= SUPPLIED MATERIAL =
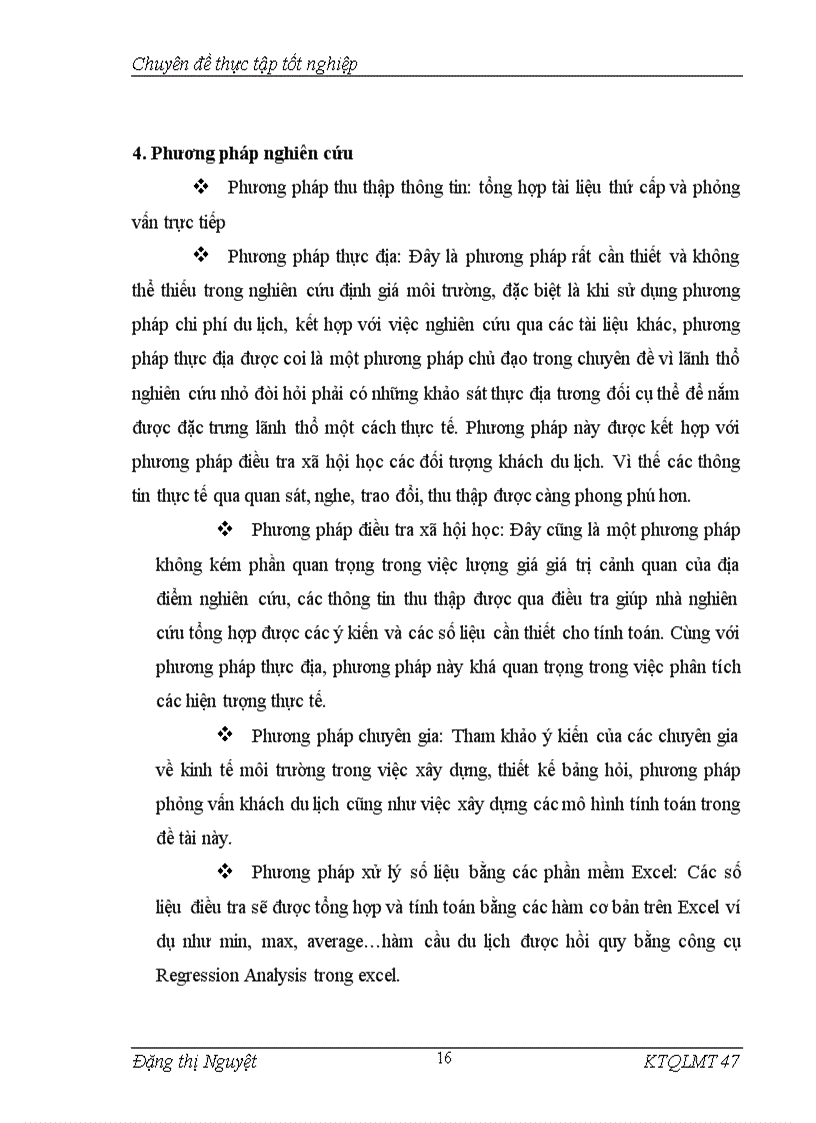 image for page Áp dụng phương pháp chi phí du lịch để đánh giá giá trị cảnh quan vườn quốc gia Cát Bà, Hải Phòng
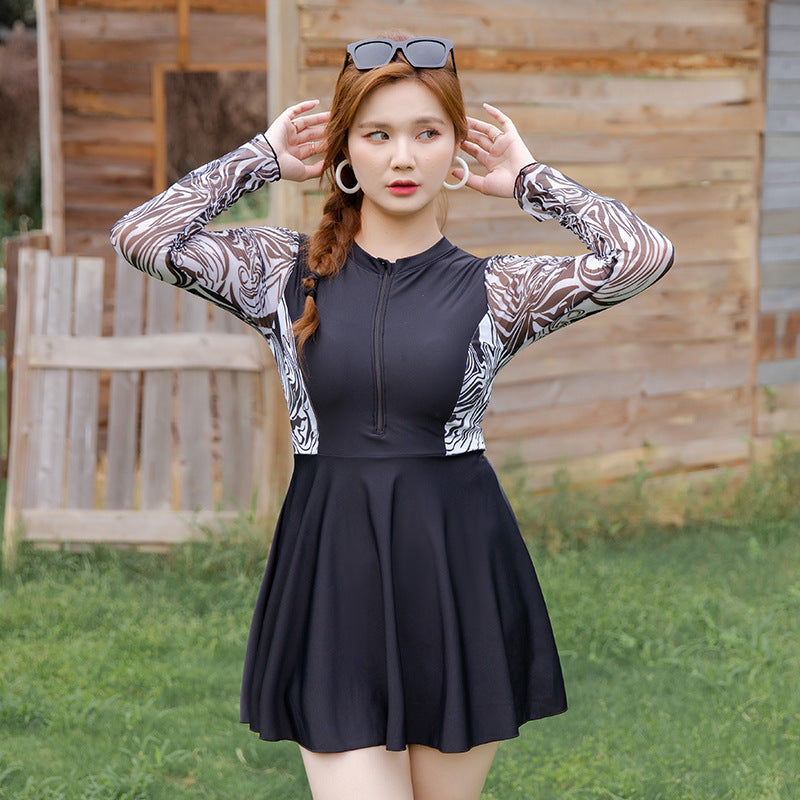 Short sleeve swimdress clearance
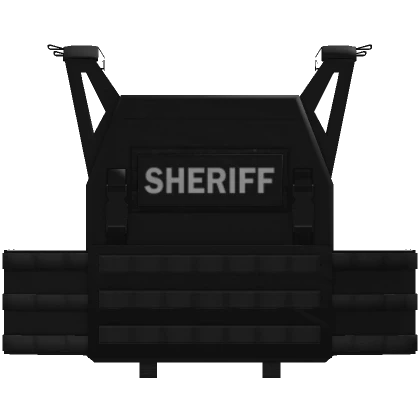 Rural LEO Ballistic vest (White font)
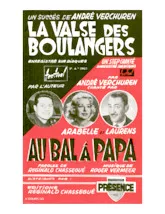 scarica la spartito per fisarmonica La valse des boulangers (Orchestration Complète) in formato PDF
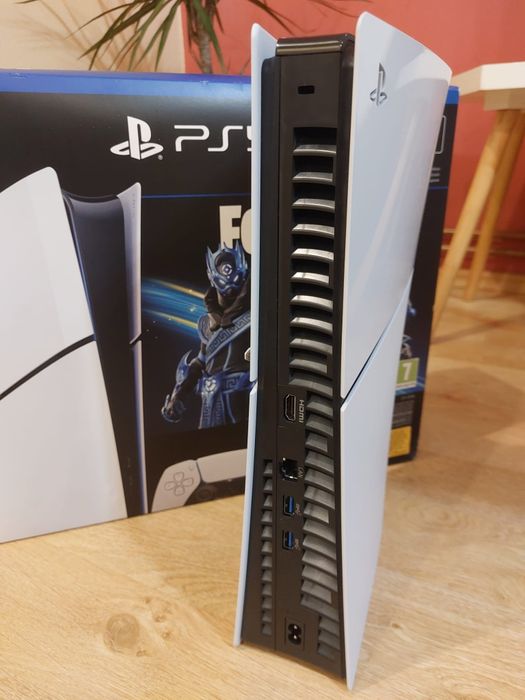 PlayStation 5 Slim Digital 1TB, D-chassis, FORTNITE Cobalt Star Bundle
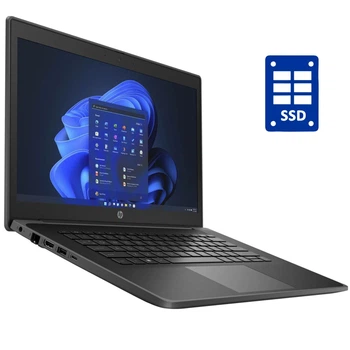 Ультрабук Б-класс HP ProBook Fortis G9 / 14" (1366x768) TN / Intel Pentium Silver N6000 (4 ядра по 1.1 - 3.3 GHz) / 8 GB DDR4 / 128 GB SSD / Intel UHD Graphics / WebCam / Win 11 Pro б/у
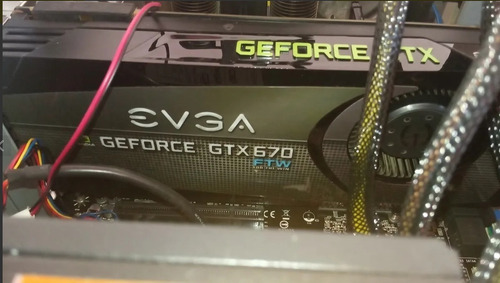 Gforce Gtx 670 Nvidia Trajera De Vídeo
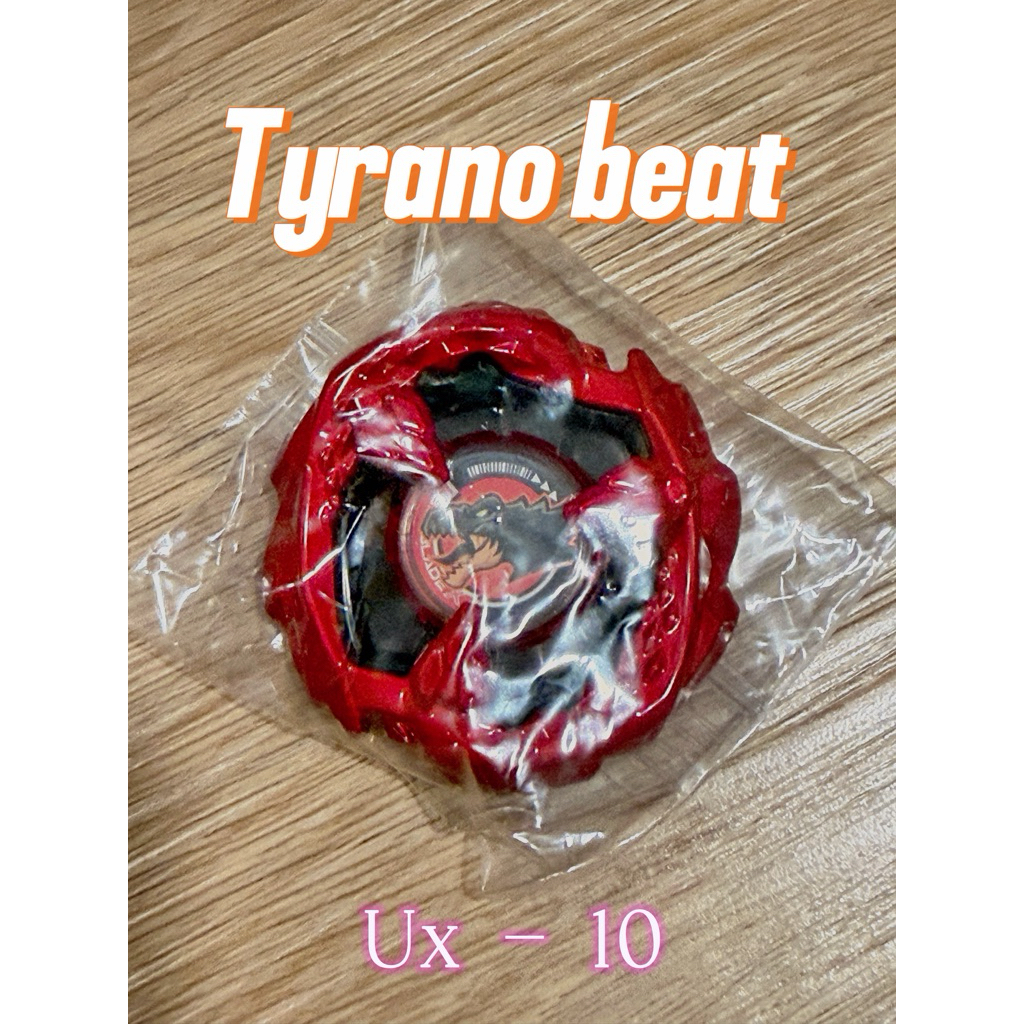 Beyblade X Tyranobeat UX-10 (เฉพาะเบลด) มือหนึ่ง ของแท้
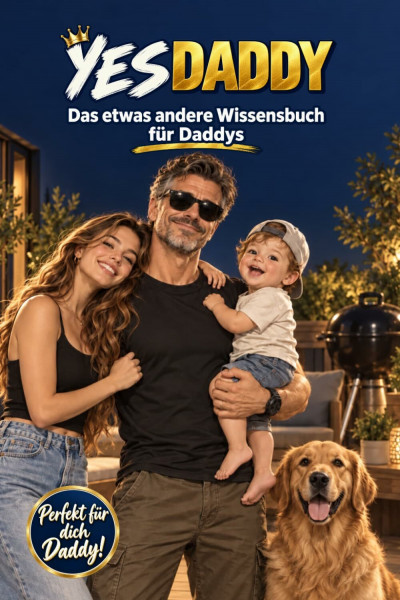 Yes Daddy! – Das etwas andere Wissensbuch für Daddys: Geschenk für Daddy | Papa | Vater | Dad | Daddy Geschenk | Lustiges Männerbuch | Männerwissen | ... | Geburtstag | Geschenk von Tochter & Sohn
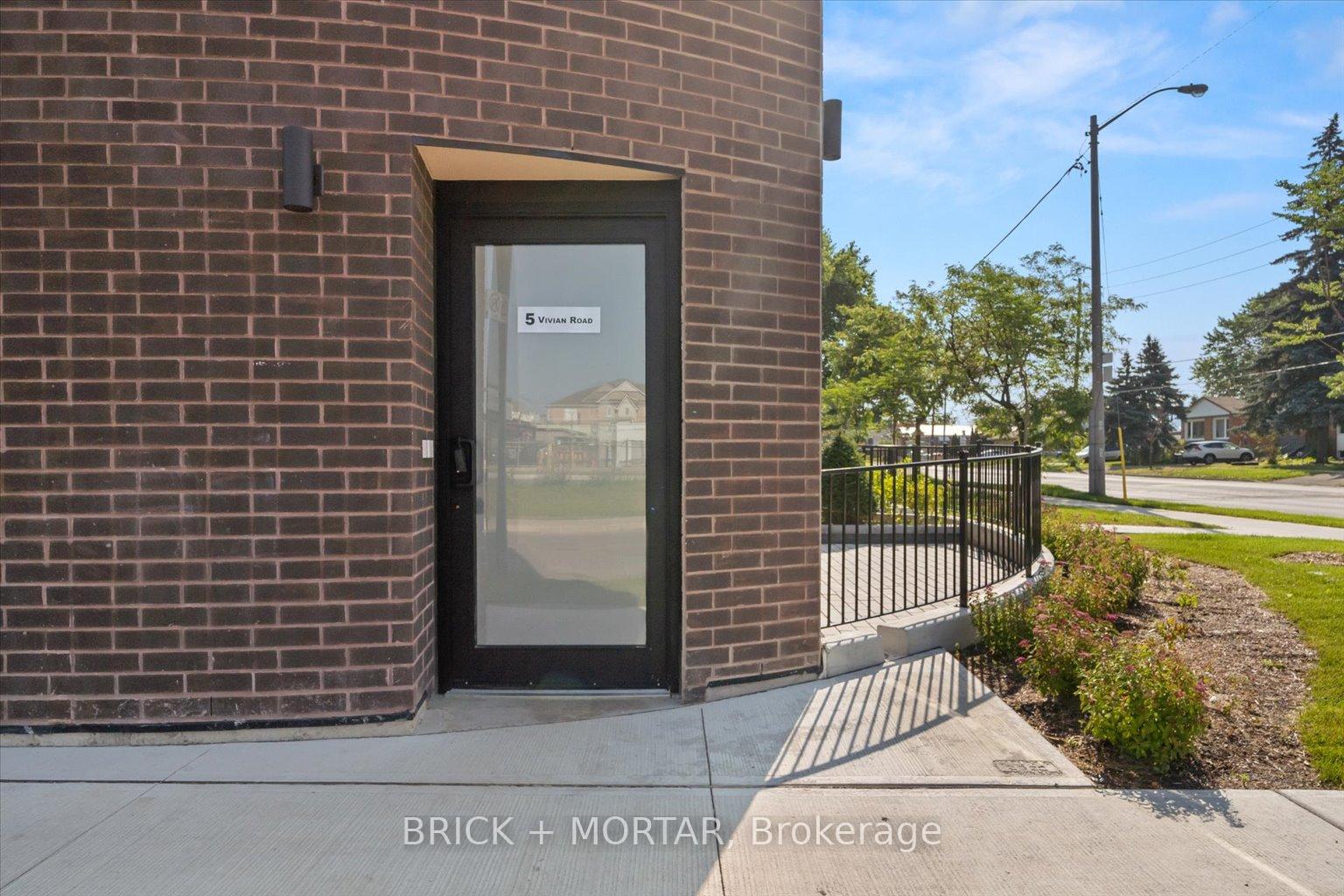2 Bedrooms Condo at 5 Vivian,  Toronto For sale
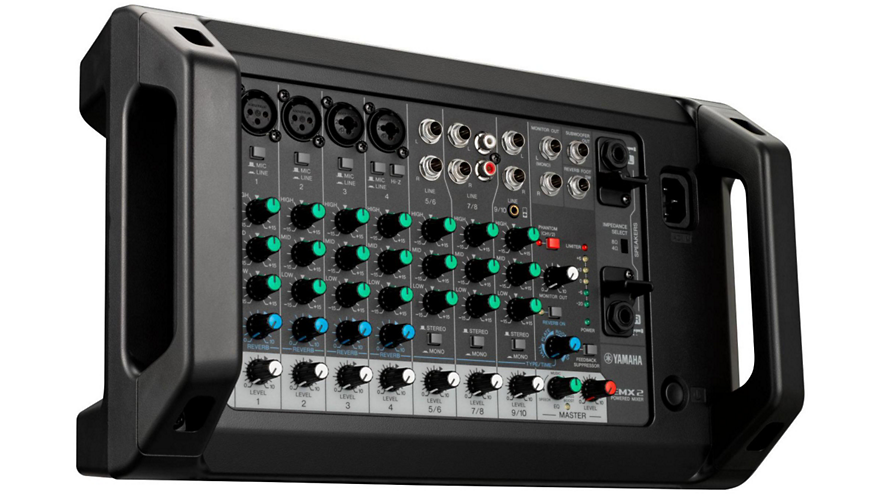 Yamaha EMX2 10-Input Powered Mixer with Dual 250 Watt Amp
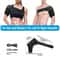 USB Electric Heating Shoulder Brace Premium Adjustable Thermal Massage Support 4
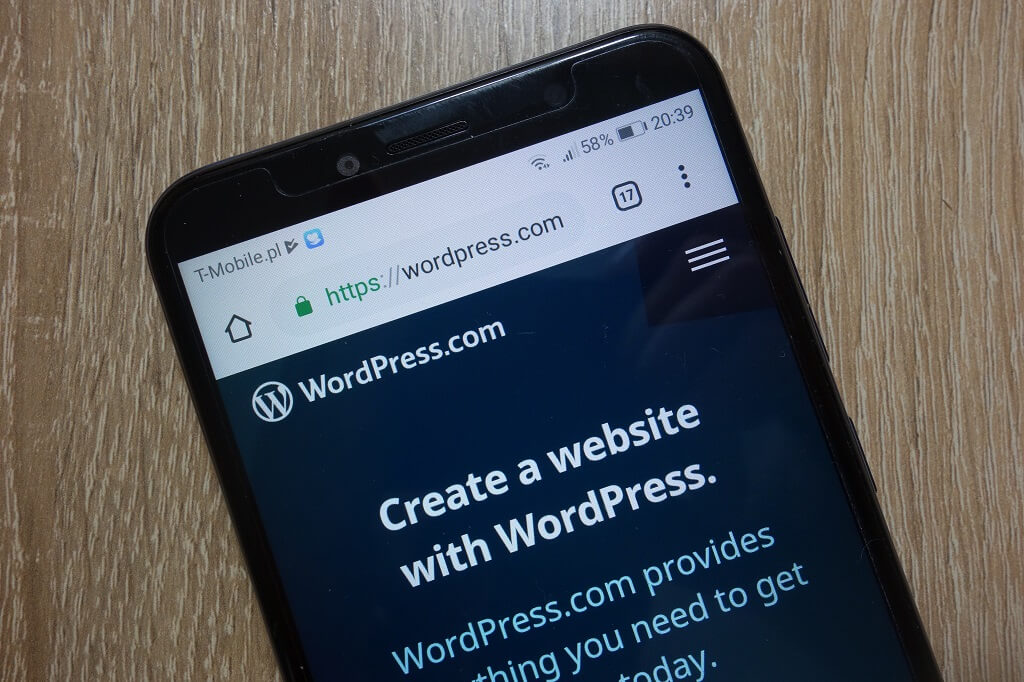 WordPress platforma za izradu sajta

= WHAT IS NEEDED =
Within these entries, output exactly the lines starting at the one with "Short sleeve swimdress clearance" and finishing at the one with "PlayStation 5 Slim". Leave pictures out of the output.

= ANSWER SPACE =
 Short sleeve swimdress clearance
 Rural LEO Ballistic vest (White font)
 scarica la spartito per fisarmonica La valse des boulangers (Orchestration Complète) in formato PDF
 PlayStation 5 Slim Digital 1TB, D-chassis, FORTNITE Cobalt Star Bundle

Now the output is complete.